The resolution further calls for sanctions to enforce the hypothetical UN commission’s demands – and since those demands are to be only against Israel, this is effectively a demand for sanctions against Israel. Further, the resolution demands “an end to Australian taxation deductions for donations to states, institutions and organisations engaged in violation of human rights including settlement activity.” In other words, it calls for an end to all tax deductability for donations benefitting Israel because it sponsors “settlement activity”, that terrible “human rights violation” – building houses.

This “Israel-Palestine” resolution is not the only element of Greens policy that may worry much of the Jewish community. The Greens’ education policy is quite hostile to non-government schools – especially those defined ambiguously as “the very wealthiest private schools”. Jewish day schools are of course a central institution of the Australian Jewish community – absolutely essential to its coherence, continuity and identity.

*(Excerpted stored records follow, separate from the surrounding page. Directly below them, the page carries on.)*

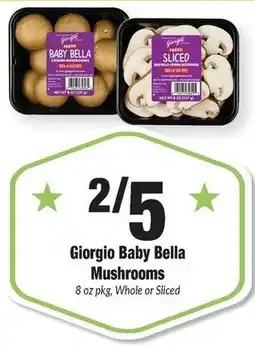 Sentry Giorgio Baby Bella Mushroom offer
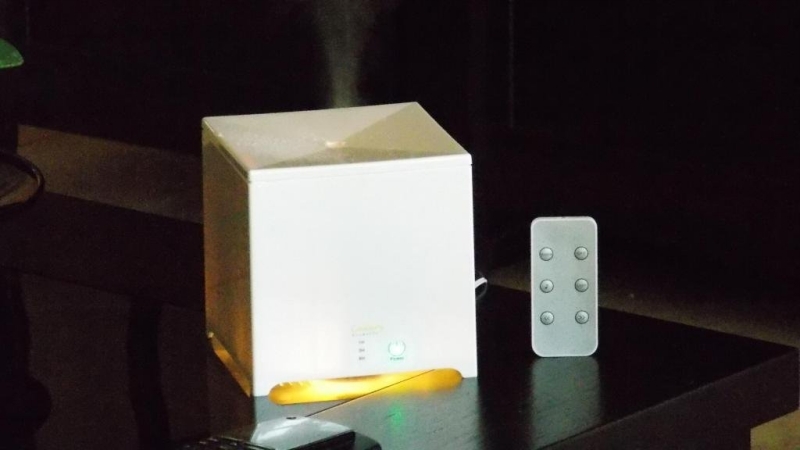 Picture of Canary Products HZ134 Blue tooth aroma diffuser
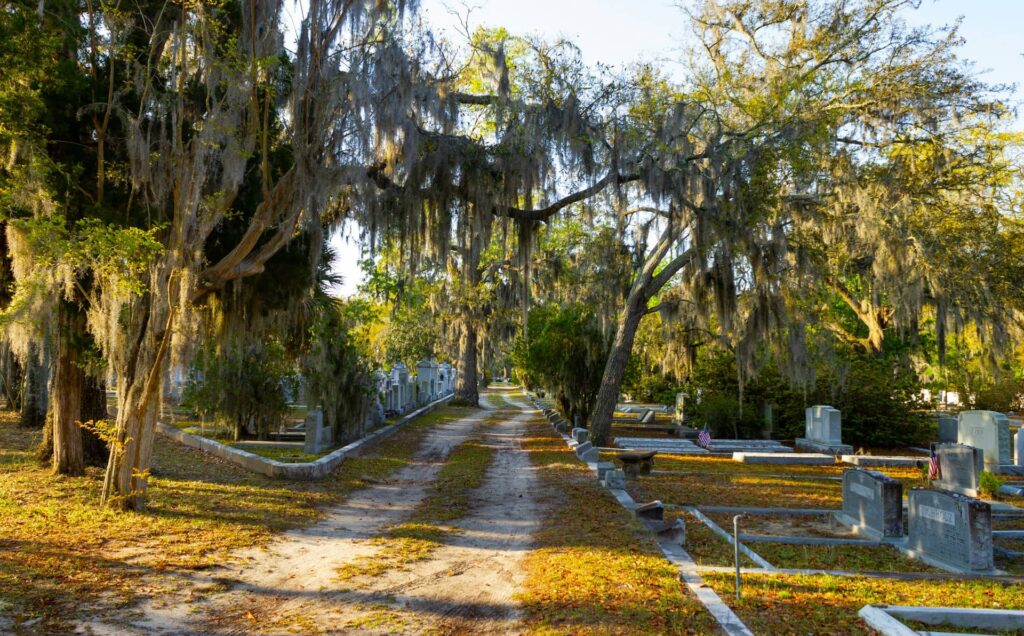 Cemetery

According to the Greens, if they are considered among the “wealthiest private schools” – and some, while hardly wealthy, are well-endowed thanks to the generosity of community donors – they are to lose all government funding. Those not to be cut off entirely are to be cut back to 2003-2004 levels of funding (indexed for inflation) and forced to apply the exact same criteria as government schools for all hiring and firing of staff and admission and expulsion of students. This would appear to make it all but impossible for the Jewish day schools to maintain their current predominantly Jewish character, and would similarly affect many other Australian ethnic communities who have schools intended to preserve and promote their culture and heritage.

Of course, even if the Greens win the Senate balance of power, it is not clear how many of these problematic policies they will be able to implement. But, I, for one, would very much prefer not to find out.

Inside Gaza

Can I call readers’ attention to some important facts about the reality inside Gaza revealed in the New York Times’ article on Gaza by Ethan Bronner and Michael Slackman published on July 14, and republished in the Melbourne Age?

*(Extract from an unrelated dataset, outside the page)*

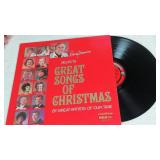 Great Songs Of Christmas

While the article outlined the genuinely difficult situation for residents of Gaza, it also revealed that the Israeli assertion that there is absolutely no humanitarian crisis in Gaza in terms of the basic needs of the population is correct.

Discussing conversations held with Gazans, the article said; “In fact, talk about food, and people here get angry because it implies that their struggle is over subsistence rather than quality of life. The issue is not hunger. It is idleness, uncertainty and despair.” In other words, Gazans have their basic needs met, just as Israel has always maintained – but they are suffering the normal consequences of the war their government insists on maintaining with Israel – uncertainty, lack of economic opportunities, boredom and fear. That’s unfortunate but the obvious solution is for Hamas to end the state of war.

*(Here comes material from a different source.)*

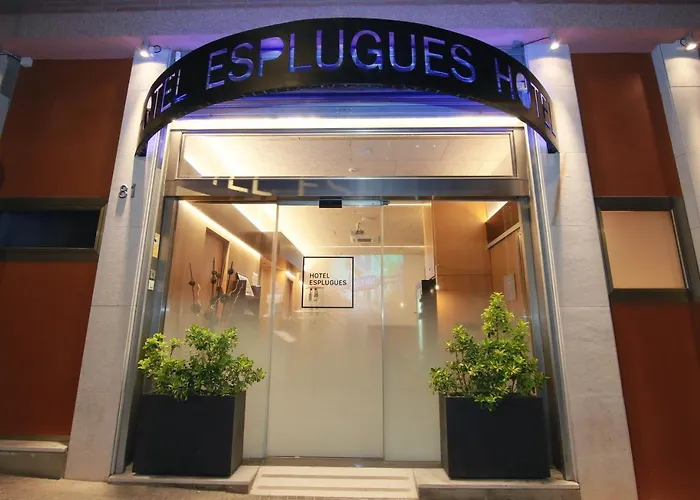 Esplugues 2* Esplugues de Llobregat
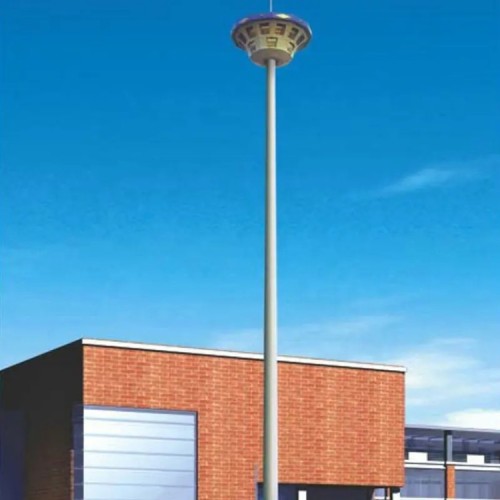 16-Sided 20M Hight Mast Pole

Meanwhile, the story also made it clear what many Palestinians really want in their conflict with Israel – and it is not a two-state solution, nor even a “one-state solution”, it is ethnic cleansing. The article says, “Ask Gazans how to solve the Palestinian-Israeli conflict – two states? One state? – and the answer is mostly a reflexive call to drive Israel out… Ramzi, a public school teacher from the city of Rafah, said in a widely expressed sentiment. ‘All the land is ours. We should turn the Jews into refugees and then let the international community take care of them.’” Others are quoted saying essentially the same thing in a different way; “We believe in Israel’s right to exist, but not on the land of Palestine. In France or in Russia, but not in Palestine.” The one person quoted in the article who says he favours two-states is described as a “dying breed.”

Given this reality that what many Palestinians really want is to drive all Jews out, is it any wonder that Israeli efforts to negotiate a two-solution have been rebuffed, and that Israel is forced to take security measures which inconvenience Palestinians?